Something that has been showing more bark than bite lately is the dialogue between the Republican establishment and their insurrectionist “there are no fair elections unless I win” candidates. Potential Trump heirs to the throne and likely vice president nominees are jockeying for favor with the “I’m crazier and meaner than you” crowd.
Once upon a time we had the expectation in this country of candidates that were above average, if not in intelligence, at least in morals and decency. Now we are faced with a race to the bottom of the human intellect in a dystopian future where only the crazies rise to the top. Clarification, the mean crazies. If the fate of our country, and the perception of the rest of the world were not issues, it would be laughable. As it is, it’s scary for all.
For example, John Boehner, former speaker of the House and friend to everyone not named Obama, described perennial candidate Ted Cruz as “Lucifer in the flesh.” In a speech at Stanford university, Boehner stated, “I have Democrat friends and Republican friends. I get along with almost everyone, but I have never worked with a more miserable son of a bitch in my life.”
Now from a contrarian point of view, that’s pretty high praise for someone who wants to be perceived as an outsider. You just know that Boehner has dealt with some really difficult personalities over the years, and to be called out as the number one SOB of them all is quite a prize. The Cruz did try to damage control the statement by pointing out that his inability to get along with any of his constituents in Congress just verified his “outsider” bona fides. I don’t think that I’ve heard a denial from Cruz about the Lucifer part.
To their credit, a group of Satanists have gone on record as saying, “Satanists do not “want” Cruz and that he “is everything opposite of what we represent.” I guess you’ve hit rock bottom when the Satanists won’t take you in.
There are certainly links here for Bible scholars. The story of Revelations tells of a false prophet who is believed to be the second coming of Jesus. It is widely stated that Cruz’s wife, Heidi, heard the voice of God telling her that her hubby would be the next President. Ted even used God’s intervention to explain his win in the Iowa primary against the Donald when running for the Republican primary in 2018. Ted’s Dad was out preaching to anyone that would listen that The Cruz was divined to win the Presidency to turn the tables on the wealthy. Sounds like the setup to a disaster movie where a guy becomes the most powerful man in the world and then turns out to be an absolute nutcase. Oh, that’s right, we’ve already seen that movie.
To offset the damage to his rep done by Boehner’s statements, and the rather sound beating in the primaries by The Donald, The Cruz has been on a mission from God/Satan to prove that he indeed is the most miserable SOB ever. This week, after one of the Maggats that had drunk too much of the Crazy Kool Aid tried to kill Speaker of the House Nancy Pelosi’s husband, The Cruz helped spread rumors that the assailant was known by the victim, that the encounter was some kind of a meetup that went bad.
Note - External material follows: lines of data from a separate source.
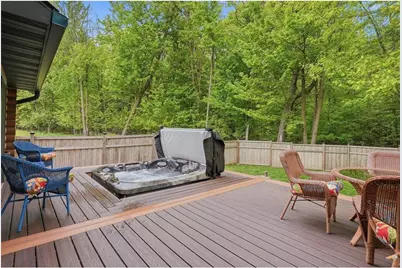 260 4th Avenue, Clayton, WI 54004 - Photo 47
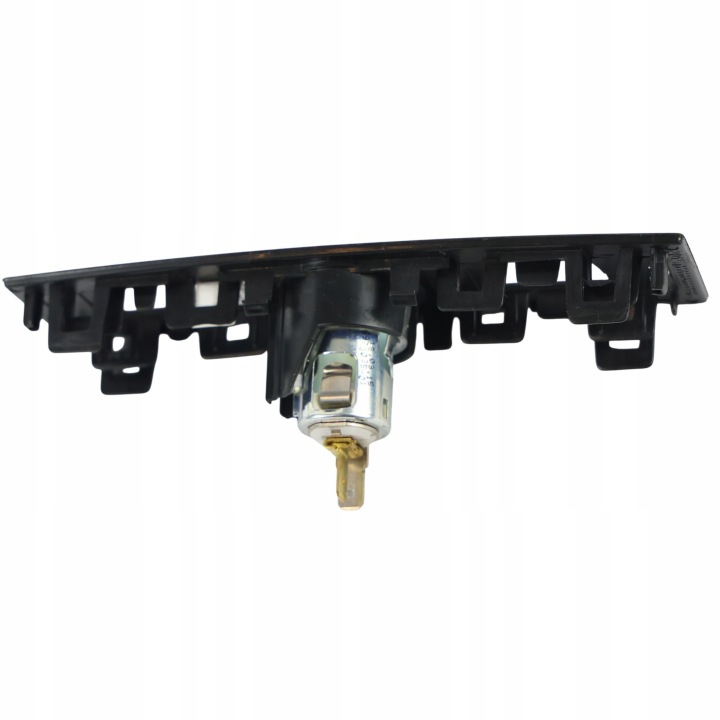 BMW X5 X6 F15 F16 PANNEAU COMMUTATEUR CHAUFFAGE ARRIÈRE BANQUETTES ARRIÈRE 9252010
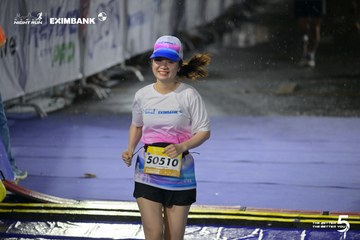 Photo HO CHI MINH CITY NIGHT RUN EXIMBANK 2026 - 21549c95a1c384ade6a509931542b569.jpg
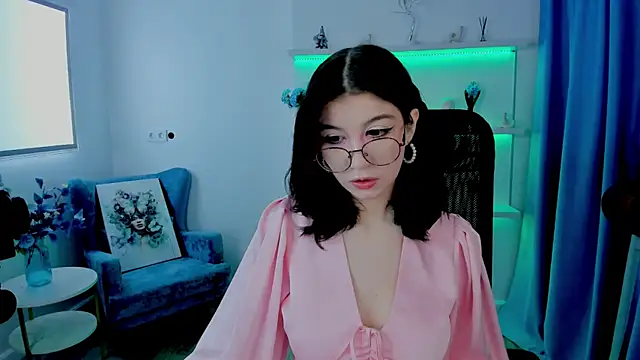Snapshot of MeLLSawertyq chatting on 27, 9, 2025 MeLLSawertyq online show from 27, 9, 2025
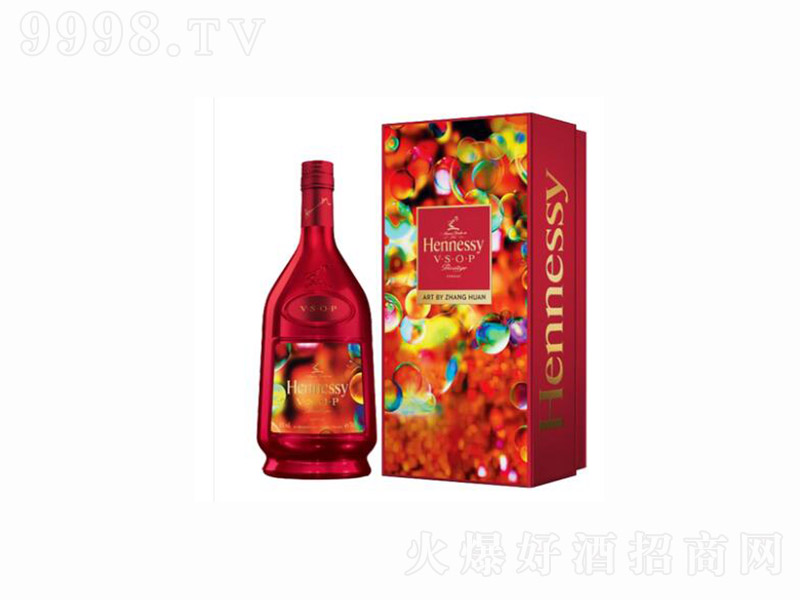 ܎��ԊVSOP2020������Y���b���m�ء�40��700ml��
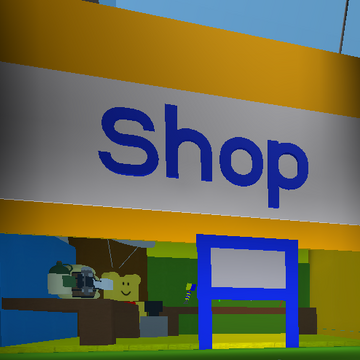 Roblox Bee Swarm Simulator Secret 40 Gate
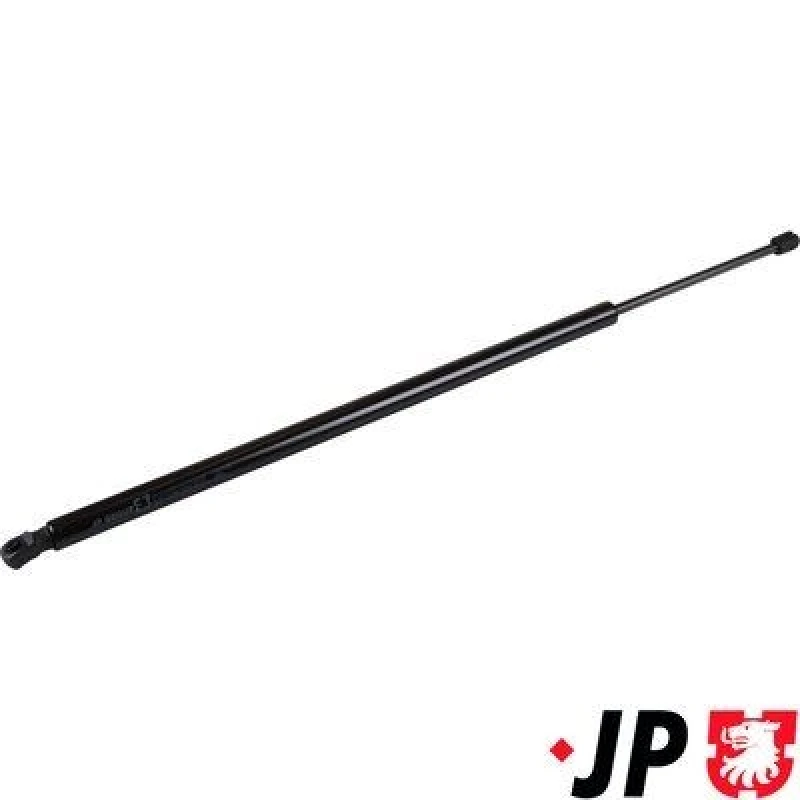Image of JP GROUP Tailgate strut JP GROUP 1181214500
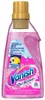 Vanish Oxi Action Waschbooster Gel - 750 ml Produktbild-Vorschau 1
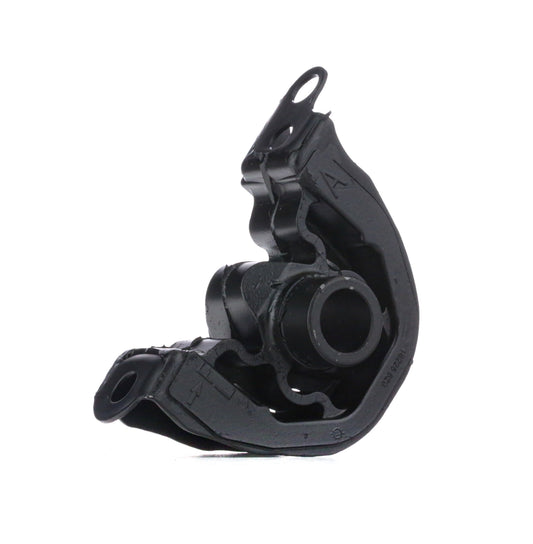 Soporte de motor Honda Civic 1990-2000 Izquierdo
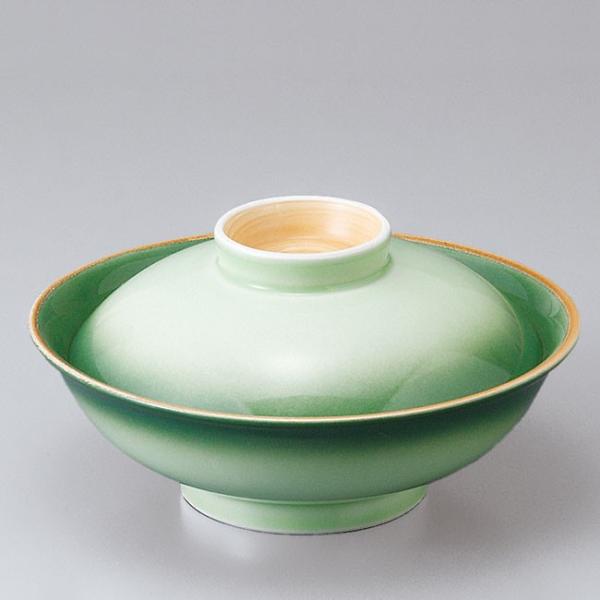 aH t^Ăӂ킟[ ΍ʕW W X[v   ͂   X[v|bg `q fU[g Jbv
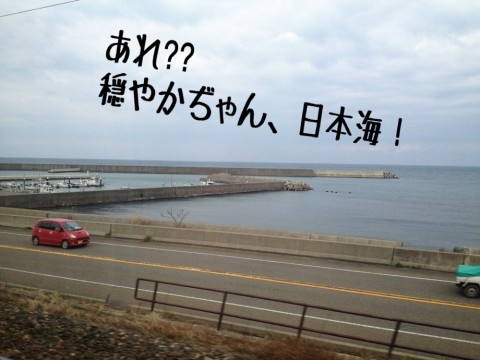 5cmbt9g4himnhpvnj3sj_920_690-20b07825.jpg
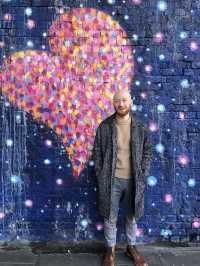 London, The Most Iconic City In The World! My Top tips After 6 years Living There 😍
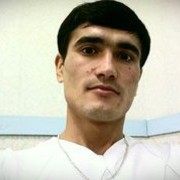  ,   Shatlyk, 37 ,   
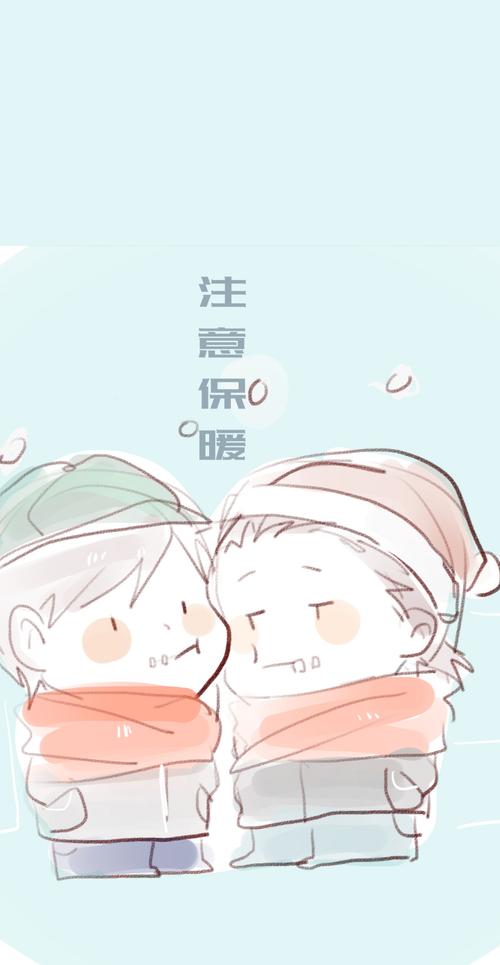 福斯特为沙特吉达市设计新的交通系统【乐鱼体育】(图2) 乐鱼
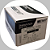 Parafuso Philips DMT Flangeado 6,0x60mm caixa c/100 - Imagem 1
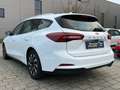 Ford Focus Titanium/1Hand/Werksgarantie 05/2027 /8xBereift/Sw Weiß - thumbnail 8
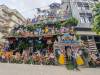 1179 - 20240501 Athens Little Rook House Google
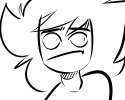 demonz.png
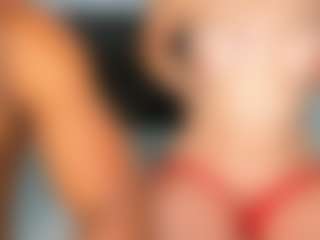 sophie-yefry's Live Sex Cam Show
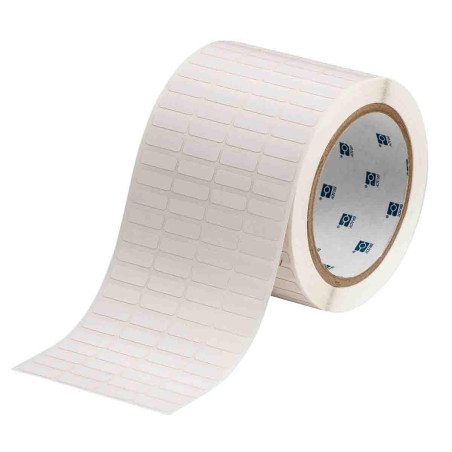 Thermal Transfer Printable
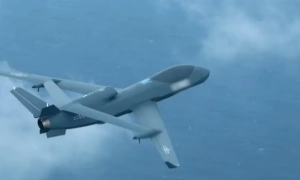 Канада може відправити Україні понад десять танків Leopard 2 - ЗМІ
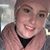 Rachel Mccowan's profile image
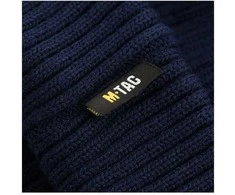 M-Tac Watch Cap 100% Acrylic Šilta, žieminė kepurė
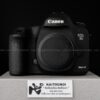 ( Used!! ) Canon EOS 5D III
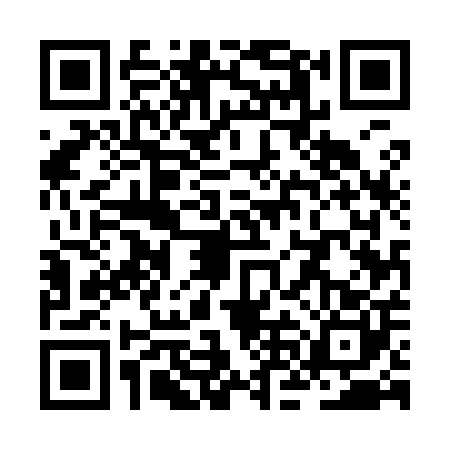 QR code for ZNE9006
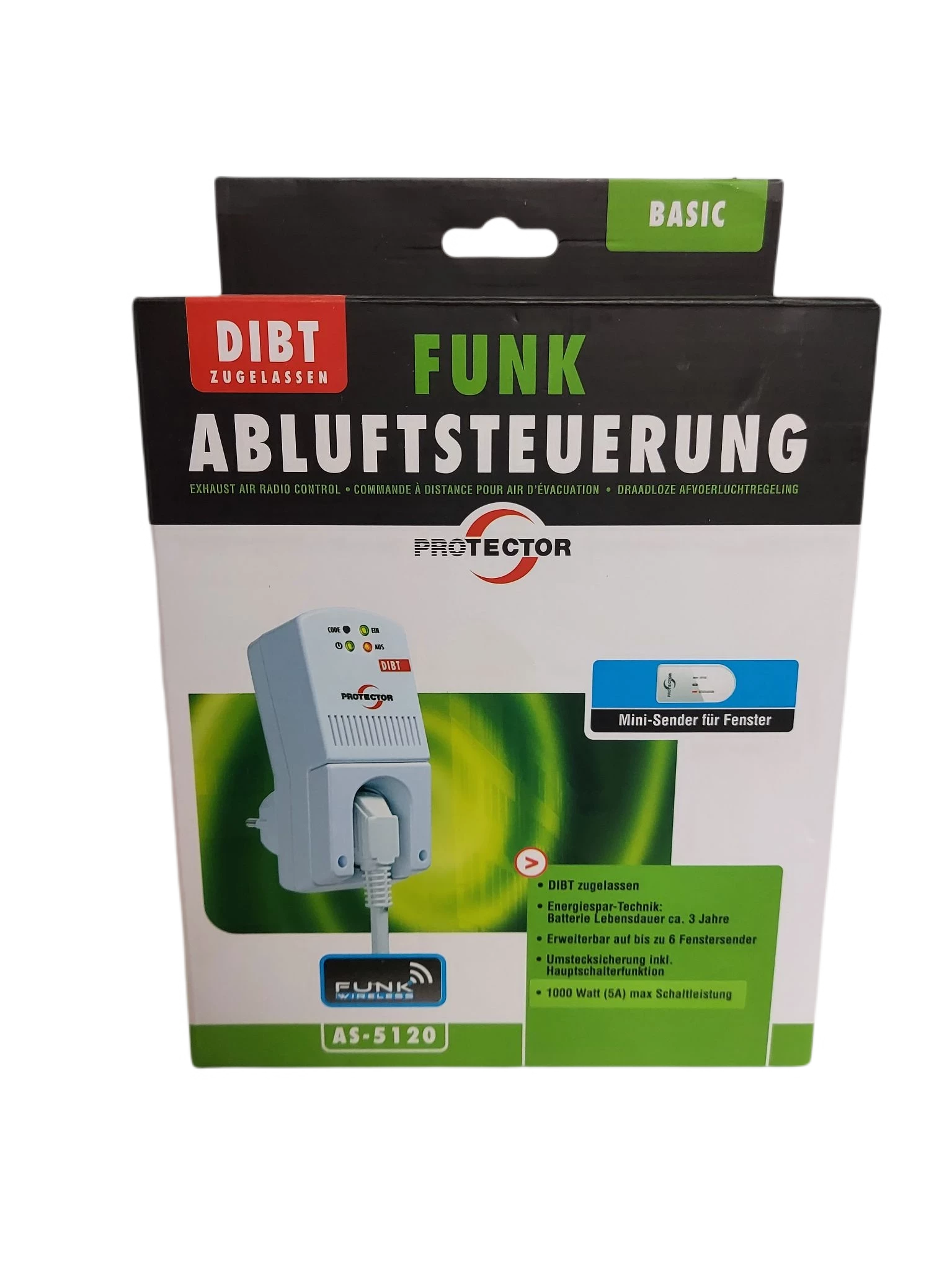 radiowe-sterowanie-wywiewem-protector-as-5120-plac-wolnosci-20-lubsko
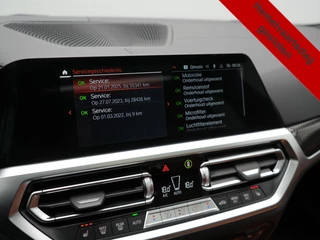 BMW 4 Serie – thumbnail 18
The Cruz had not a whit of concern for the eighty-two-year-old man that had been bashed in the head by a hammer.
Not to be outdone in the race to the bottom of human cruelty, Georgia representative, Marjorie Taylor Greene announced that the attack was the result of the Democrats lax immigration policies. She went on to opine that if Paul Pelosi had been a “Second amendment gun owner” that he could have shot his attacker dead. To give the full depth of her depravity I must quote MTG’s Tweet, “It’s dangerous Democrat policies that led to Paul Pelosi being attacked.”
Evangelicals like The Cruz and MTG believe in The Rapture and that the righteous will be “called up” ahead of the rest of us. I would assume that his call to Heaven would be sufficient to get him out of the hair of the rest of us mere mortals. Although, if he is the “Second Coming,” I guess he gets to choose what he wants to do most. Take his seat at the right hand of God or run again to be President of the United States. Decisions, decisions, decisions.
One decision that should be easy for The Cruz is who to pick for his running mate. Picking one of the meanest hateful women on the planet as your V.P would be a fait accompli. No doubt she will accept. Her acceptance should scare the bejesus out of Cruz. MTG is someone who is willing to get down and roll in the mud for delusional Bible thumpers and Qanon nutjobs alike. What would be on her list of things that she wouldn’t do to get to sit behind the Resolute desk?
Like I said before, if the fate of our country, and the perception of the rest of the world were not issues, we’d be having a good chuckle. As it is, it’s scary, on a Biblical scale.